Records from a data collection:
-=-=-=-=-

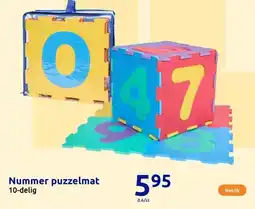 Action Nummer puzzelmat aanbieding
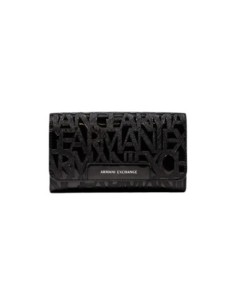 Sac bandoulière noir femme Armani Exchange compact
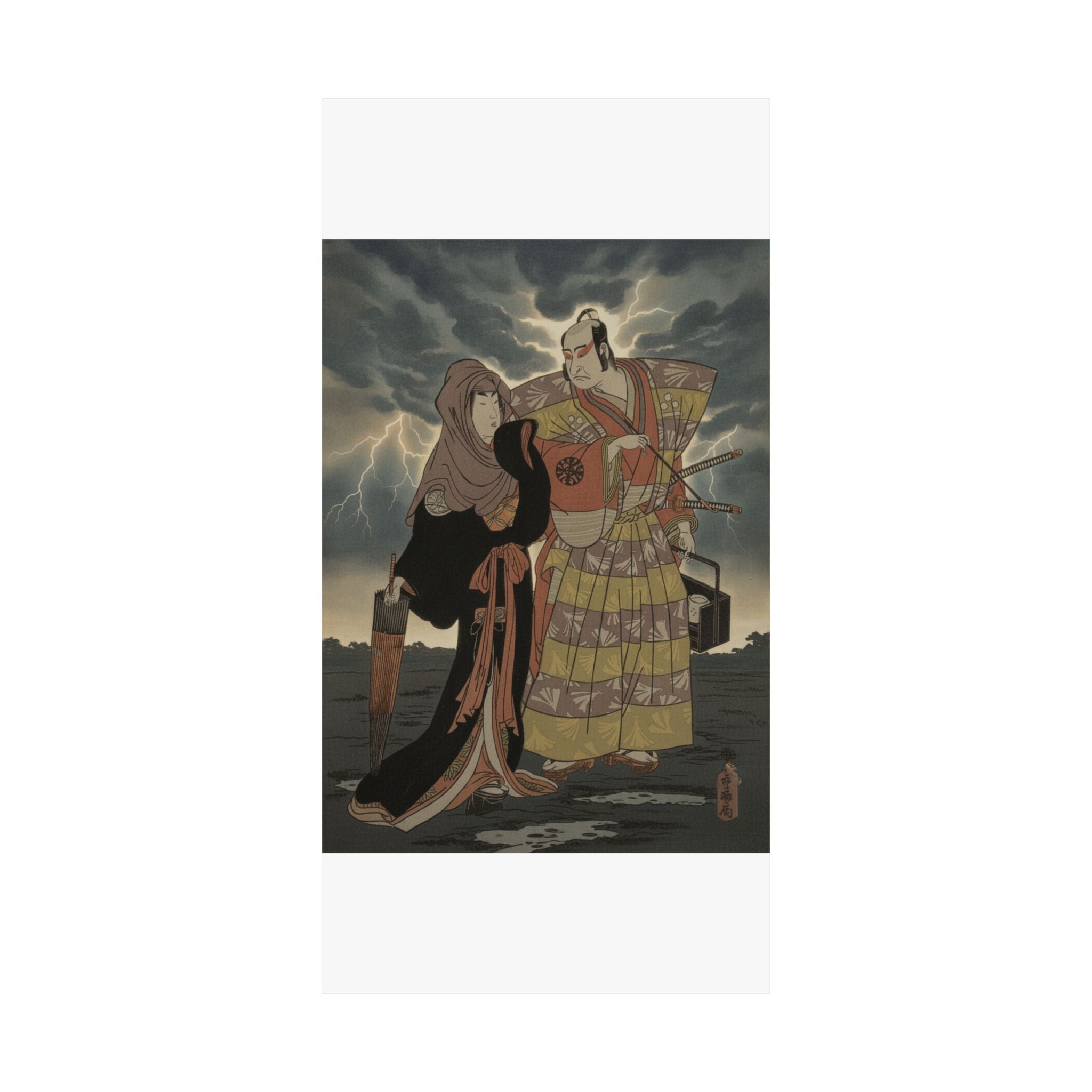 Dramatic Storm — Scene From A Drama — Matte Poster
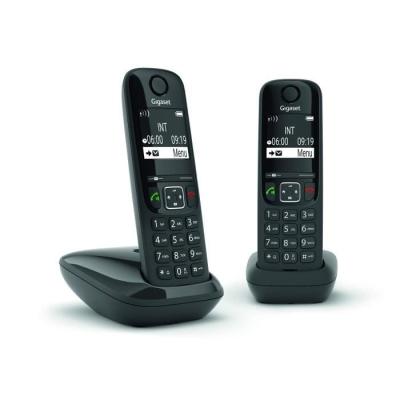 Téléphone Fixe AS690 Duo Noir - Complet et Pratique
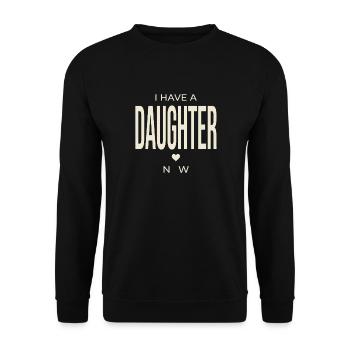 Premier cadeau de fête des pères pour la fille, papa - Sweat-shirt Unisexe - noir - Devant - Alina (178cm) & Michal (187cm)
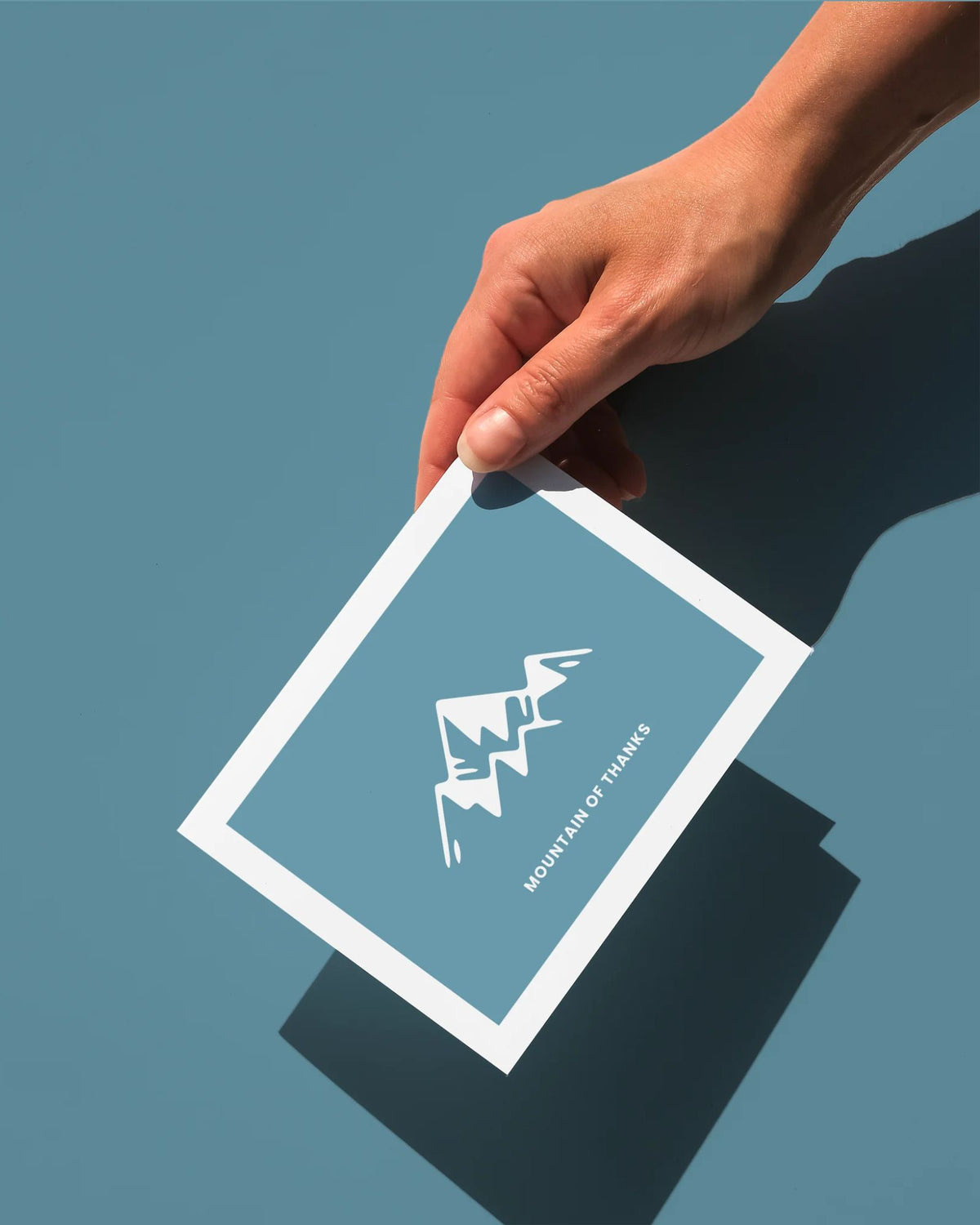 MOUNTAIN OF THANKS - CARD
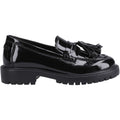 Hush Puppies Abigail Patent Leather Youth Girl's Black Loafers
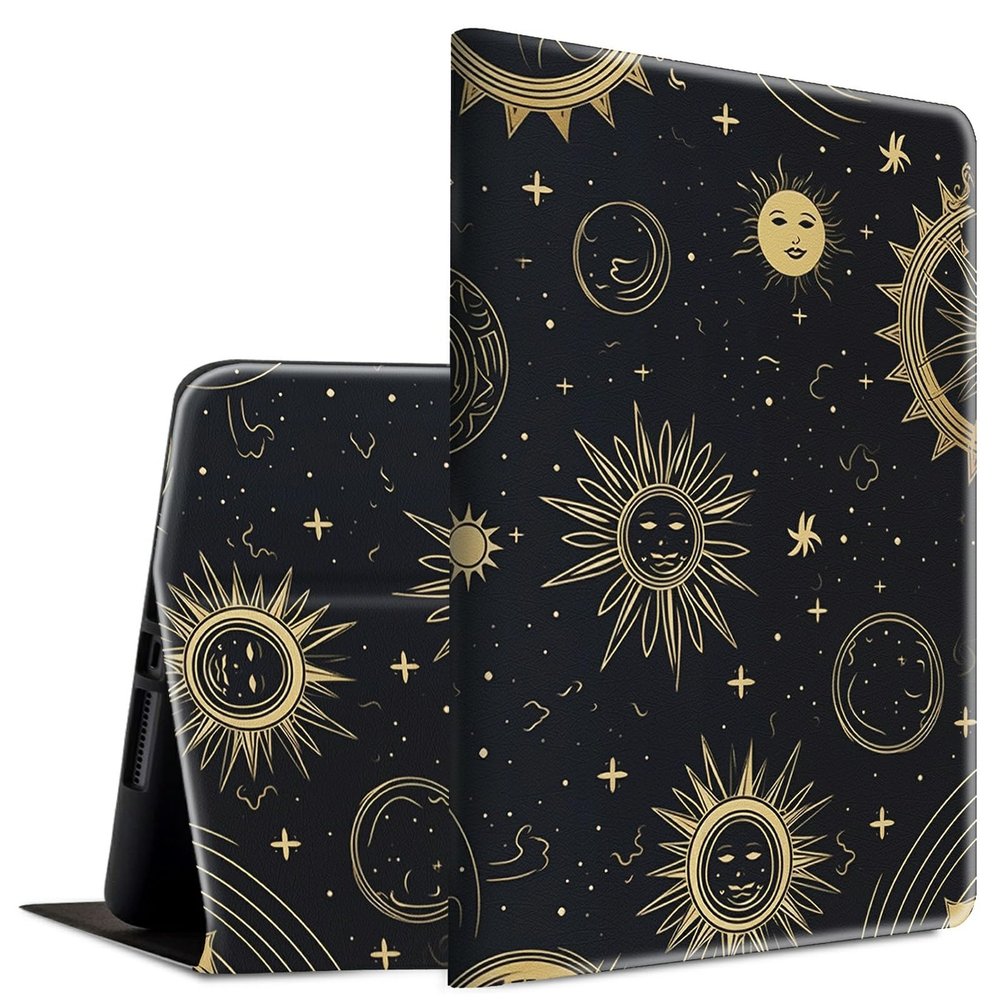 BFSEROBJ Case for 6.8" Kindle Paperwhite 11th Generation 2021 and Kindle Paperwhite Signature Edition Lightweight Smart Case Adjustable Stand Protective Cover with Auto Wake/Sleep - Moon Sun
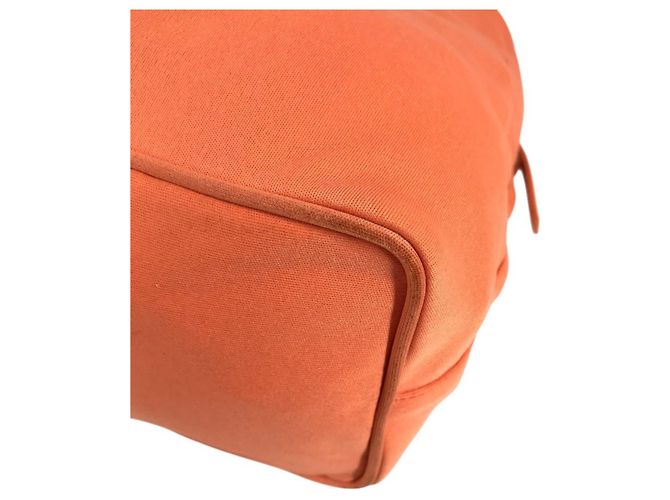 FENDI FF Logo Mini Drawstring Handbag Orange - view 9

-=-=-=-=-

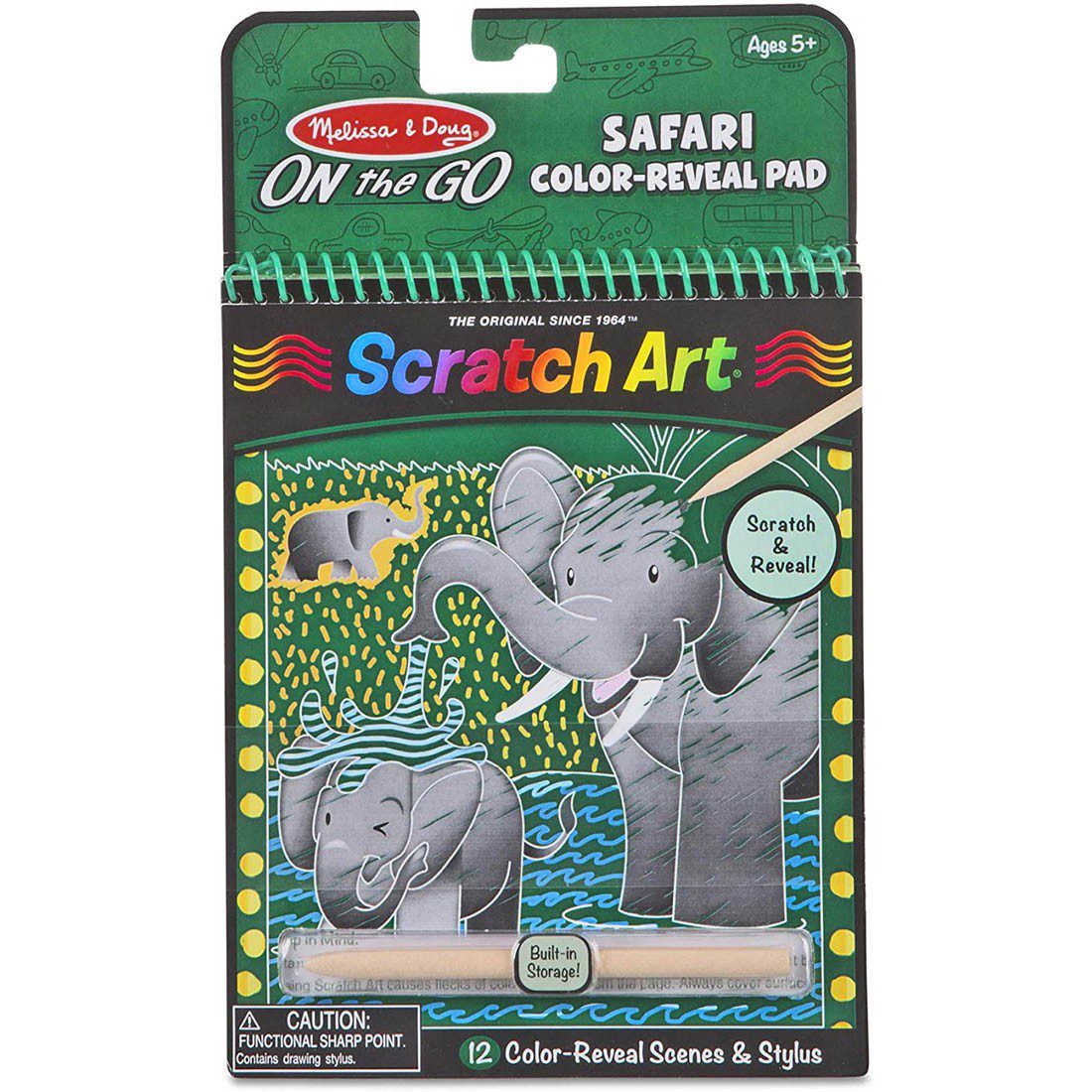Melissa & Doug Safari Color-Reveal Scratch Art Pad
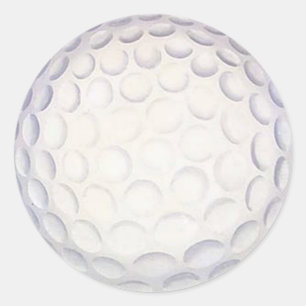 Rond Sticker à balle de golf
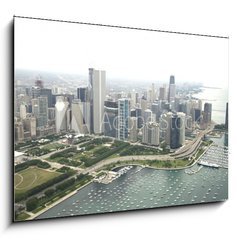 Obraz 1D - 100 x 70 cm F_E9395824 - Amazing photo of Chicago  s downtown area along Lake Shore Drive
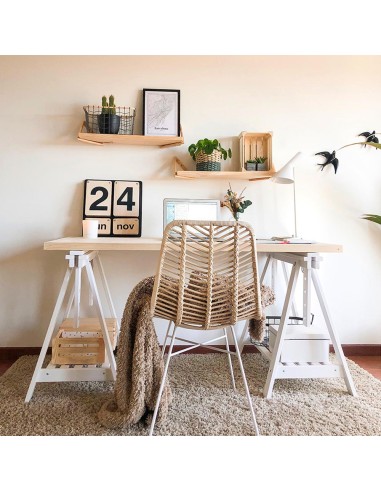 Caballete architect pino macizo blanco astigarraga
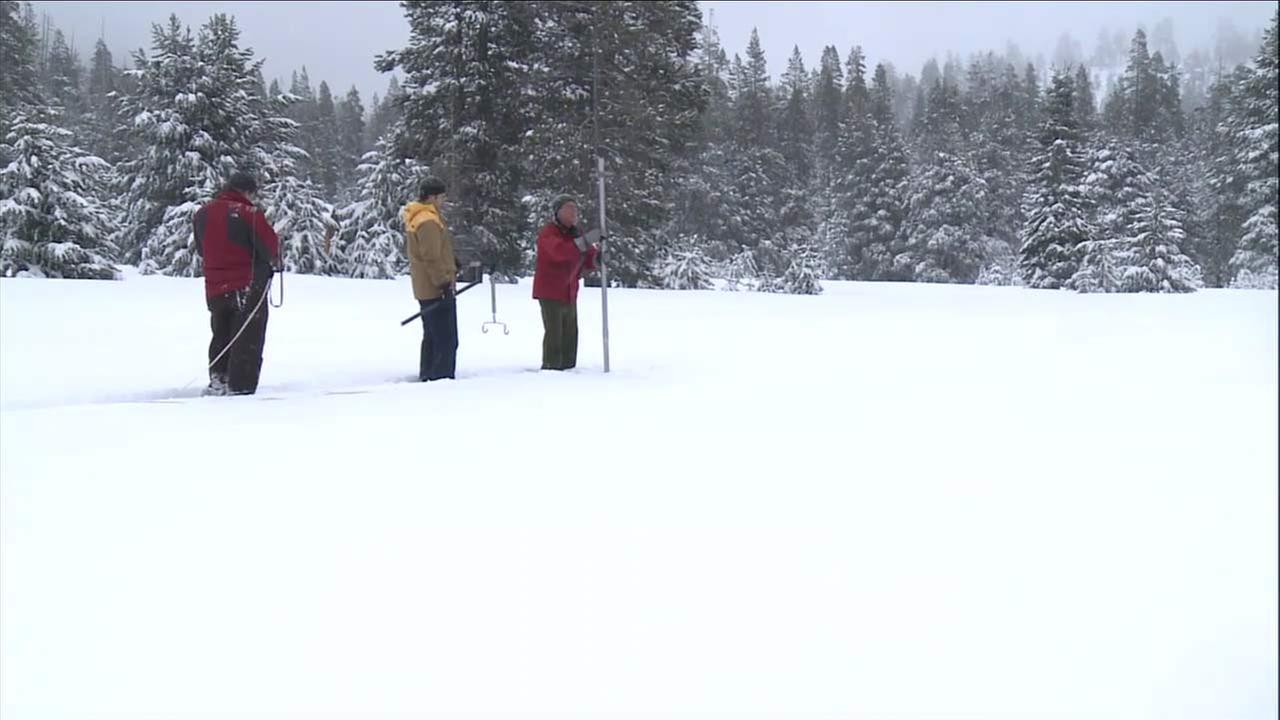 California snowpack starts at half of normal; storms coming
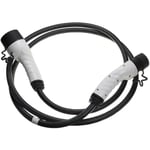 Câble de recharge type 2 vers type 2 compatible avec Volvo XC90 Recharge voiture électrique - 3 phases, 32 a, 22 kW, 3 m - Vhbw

-=-=-=-=-

## Task brief
In the data above, retype only the stretch from the line with "MOUNTAIN OF THANKS - CARD" through the line with "FENDI FF Logo", word for word, and skip any pictures.

## Task response
 MOUNTAIN OF THANKS - CARD
 Hush Puppies Abigail Patent Leather Youth Girl's Black Loafers
 BFSEROBJ Case for 6.8" Kindle Paperwhite 11th Generation 2021 and Kindle Paperwhite Signature Edition Lightweight Smart Case Adjustable Stand Protective Cover with Auto Wake/Sleep - Moon Sun
 FENDI FF Logo Mini Drawstring Handbag Orange - view 9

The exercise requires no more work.